RECORDS TO USE:
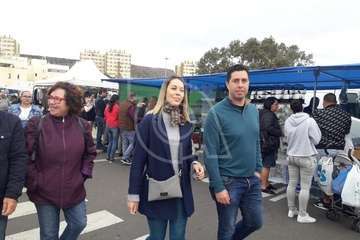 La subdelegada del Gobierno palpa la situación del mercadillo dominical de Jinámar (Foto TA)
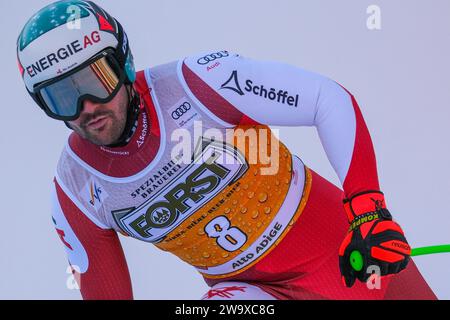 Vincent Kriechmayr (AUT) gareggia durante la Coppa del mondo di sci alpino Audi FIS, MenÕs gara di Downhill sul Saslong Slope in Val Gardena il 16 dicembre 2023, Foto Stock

---

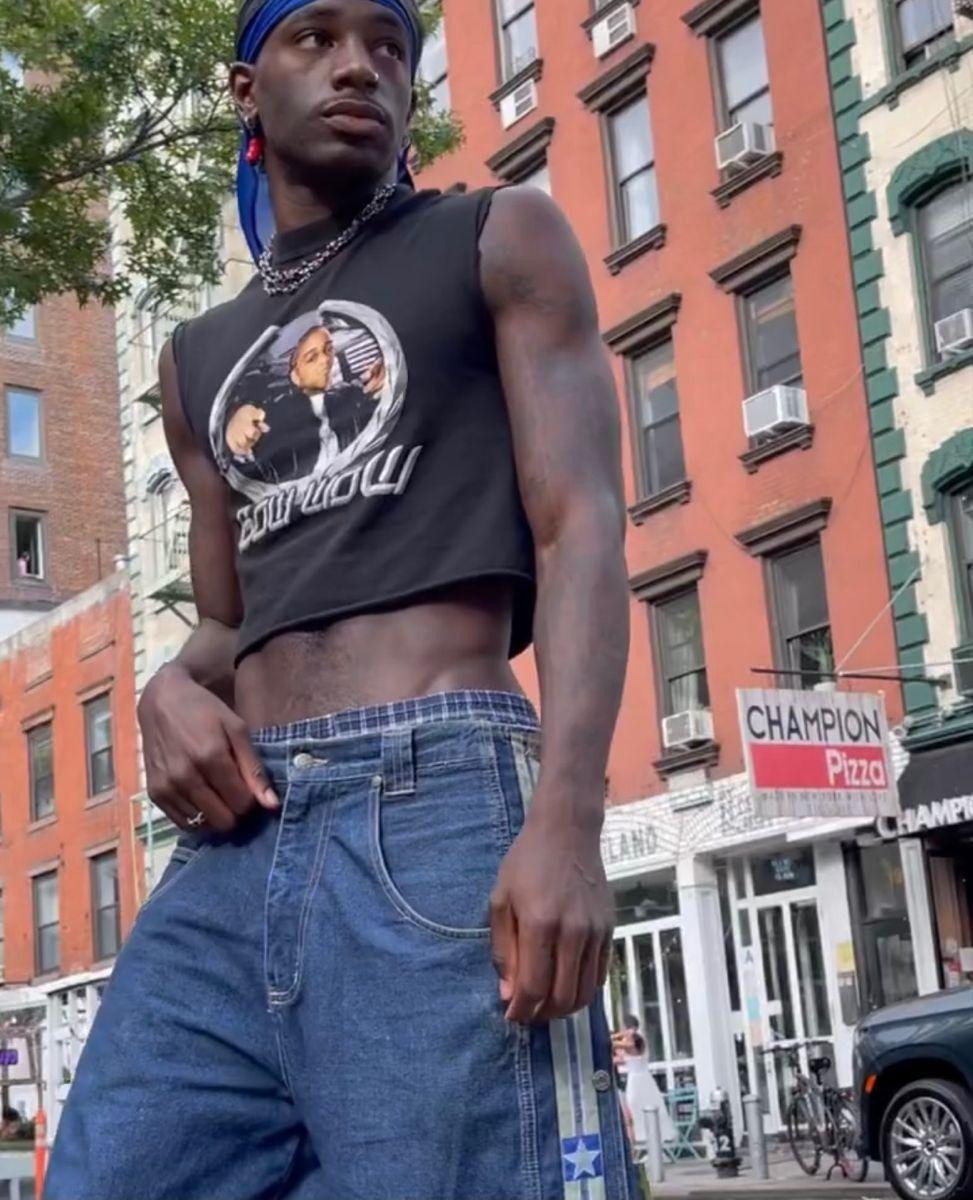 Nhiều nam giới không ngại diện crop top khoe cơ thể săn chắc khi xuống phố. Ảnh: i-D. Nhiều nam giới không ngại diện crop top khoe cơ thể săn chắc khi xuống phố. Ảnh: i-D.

EXERCISE: An exact transcription is needed of the lines from the one with "La subdelegada del" to the one with "Vincent Kriechmayr (AUT)" above, both ends included, with pictures left out.

TASK RESPONSE:
 La subdelegada del Gobierno palpa la situación del mercadillo dominical de Jinámar (Foto TA)
 Vincent Kriechmayr (AUT) gareggia durante la Coppa del mondo di sci alpino Audi FIS, MenÕs gara di Downhill sul Saslong Slope in Val Gardena il 16 dicembre 2023, Foto Stock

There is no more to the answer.